Acte 6 : Renaud Muselier assure qu'il n'y aura "pas de ministre" sur sa liste
Après les mots de Sophie Cluzel, Renaud Muselier veut poser ses conditions pour maintenir son alliance : pas de parlementaires LREM, ni de membres du gouvernement sur sa liste, assure-t-il au micro de France Bleu Azur, le 12 mai. "Il n'y a pas de fusion, il n'y a pas d'accord d'appareil", insiste le candidat LR. Impossible donc pour la secrétaire d'Etat de figurer parmi les candidats dans le cadre de l'alliance négociée par le Premier ministre. Cependant, Renaud Muselier assure avoir inclus dans sa liste des membres de LREM, d'Agir et du MoDem.

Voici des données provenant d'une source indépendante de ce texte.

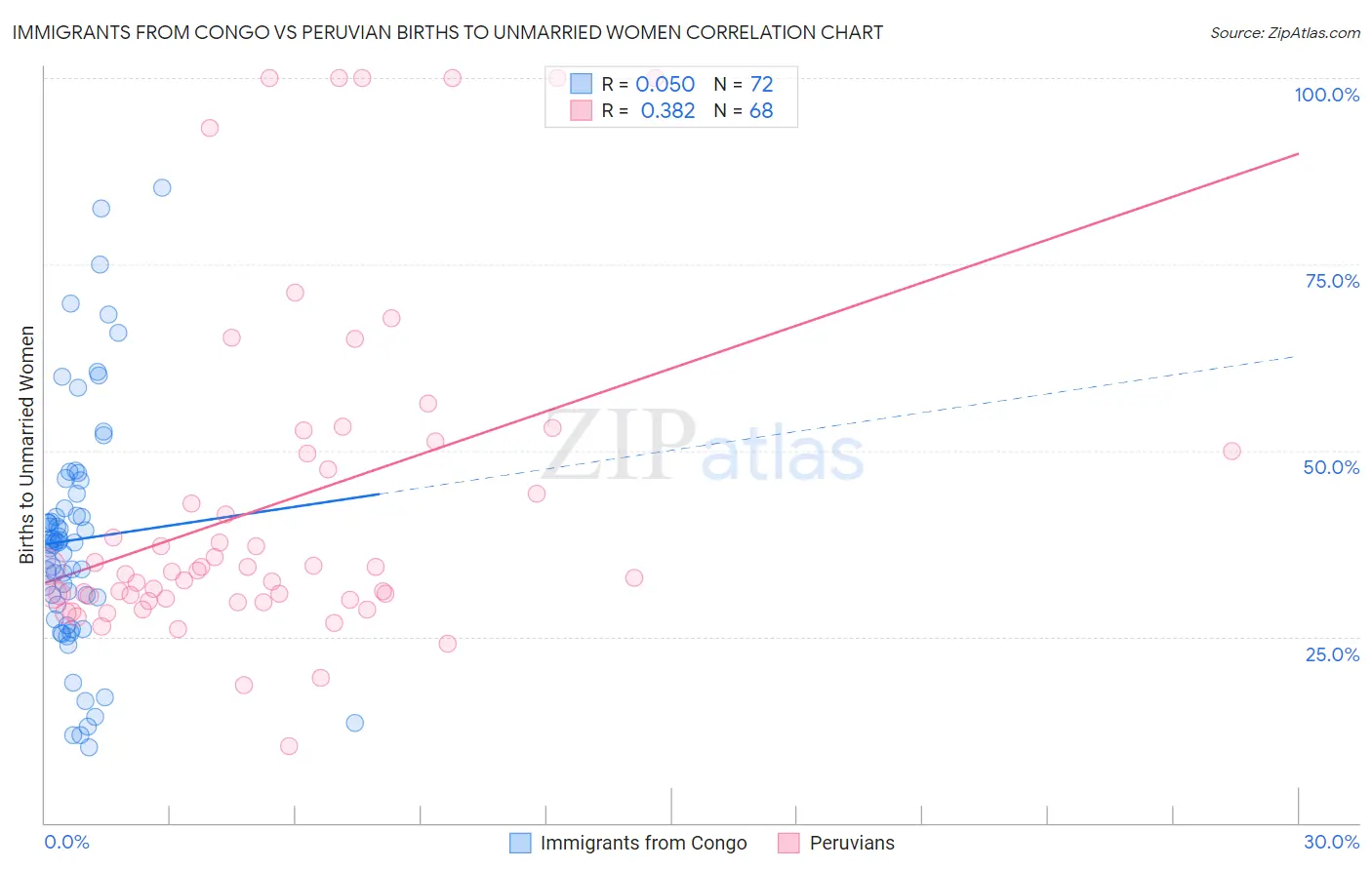 Immigrants from Congo vs Peruvian Births to Unmarried Women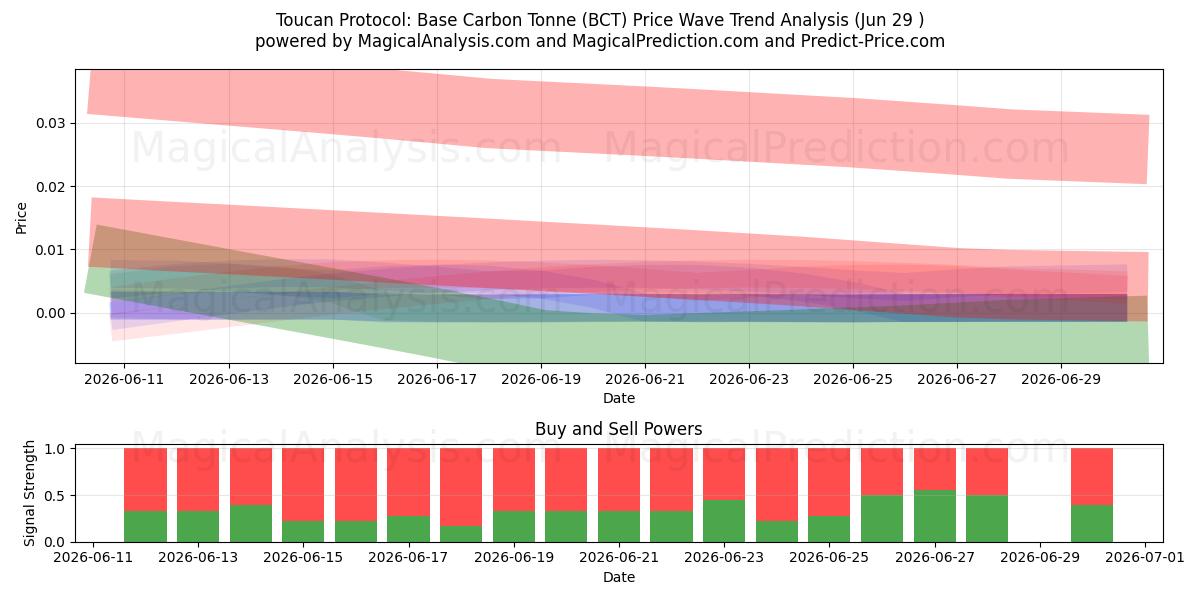  Protocole Toucan : tonne de carbone de base (BCT) Support and Resistance area (28 Jun) 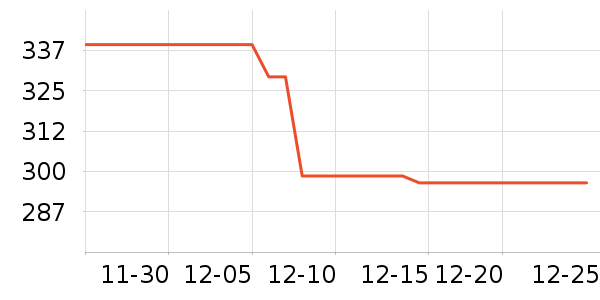 �˸�����������ʷ�۸�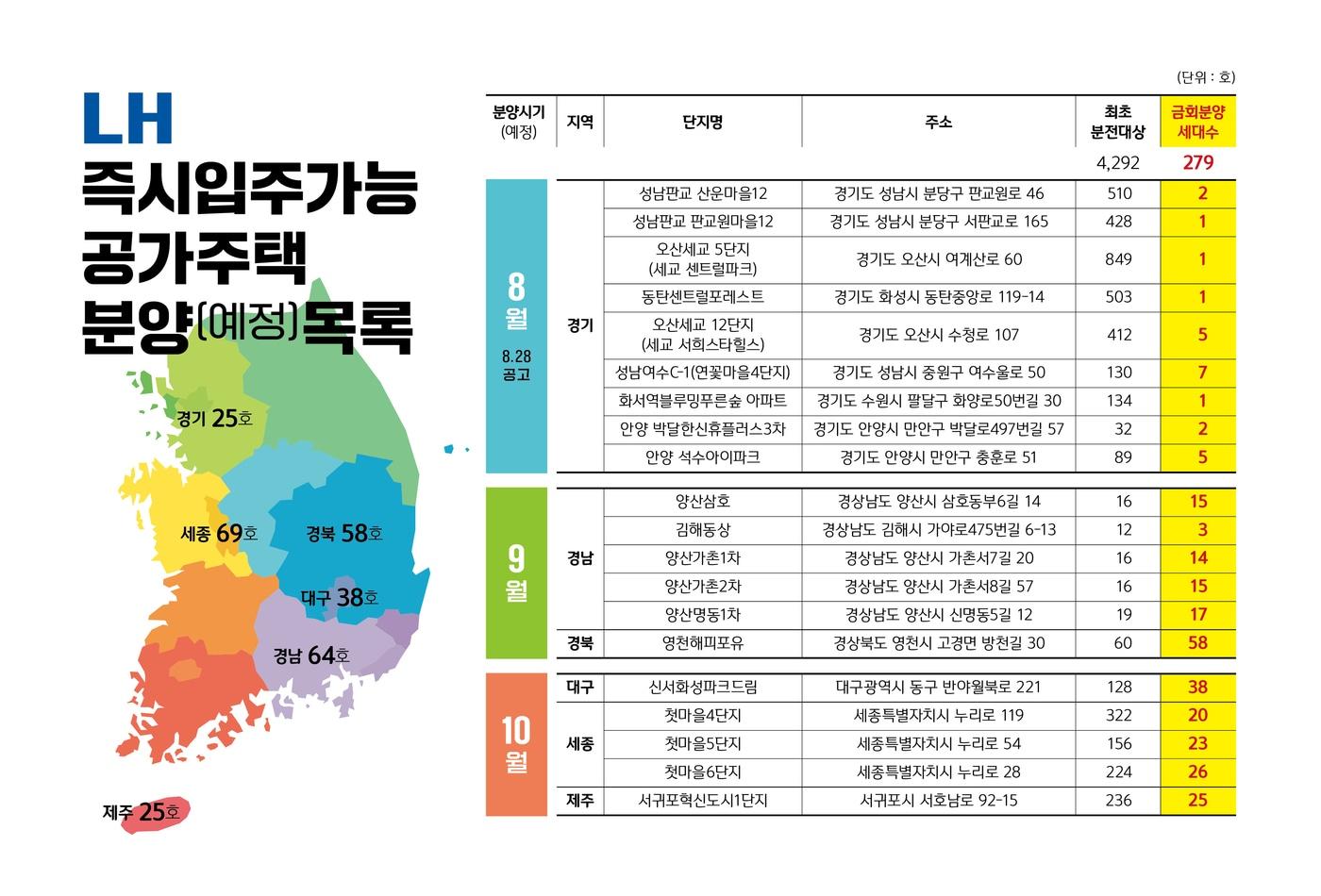 공가주택 분양(예정)목록 이미지.(LH 제공) / 뉴스1 ⓒ News1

Acte 7 : Sophie Cluzel renonce finalement à présenter une liste LREM
La secrétaire d'Etat renonce finalement le 13 mai à toute candidature. Elle ne présentera pas de liste de la majorité présidentielle face au candidat LR et se retire de la course. "Renaud Muselier a su entendre nos préoccupations et su bâtir une liste de rassemblement, autour de compétences régionales où nos valeurs sont représentées", explique Sophie Cluzel dans un communiqué et sur Twitter. Elle assure également qu'elle soutiendra le président de région sortant dans sa course vers un deuxième mandat.
C’est donc en responsabilité que je ne présenterai pas de liste de la majorité présidentielle dans notre Région Sud et que j’apporte mon soutien à la liste que conduit Renaud Muselier.
— Sophie Cluzel (@s_cluzel) May 13, 2021
Quinze personnes issues de la majorité présidentielle seront présents sur la liste conduite par Renaud Muselier aux prochaines élections régionales en Provence-Alpes-Côte d'Azur, annonce le président sortant le 14 mai. Ils feront partie des 135 noms déposés par le candidat avant le 17 mai, date limite pour le dépôt des listes.
Acte 8 : LR soutient son candidat mais dénonce une "faute"
Réunis en conseil stratégique le 18 mai, plusieurs membres des Républicains ont demandé au président du parti, Christian Jacob, de retirer l'investiture à Renaud Muselier. Parmi eux, le chef du groupe LR au Sénat, Bruno Retailleau, qui précise, sur Twitter, avoir "plaidé pour le retrait de [leur] soutien" ou encore Eric Ciotti, qui avait déjà évoqué la veille le retrait du soutien de la fédération LR des Alpes-Maritimes à Renaud Muselier.
Après plusieurs heures de discussion, Christian Jacob a réaffirmé son soutien au candidat de la région Sud, souhaitant sa "victoire" pour "empêcher ainsi le basculement au Rassemblement national" de Provence-Alpes-Côte d'Azur. Il estime toutefois que Renaud Muselier "a fait une faute et une erreur d'analyse politique en ne croyant pas en sa seule force et celle de sa famille politique, cédant ainsi aux manœuvres élyséennes".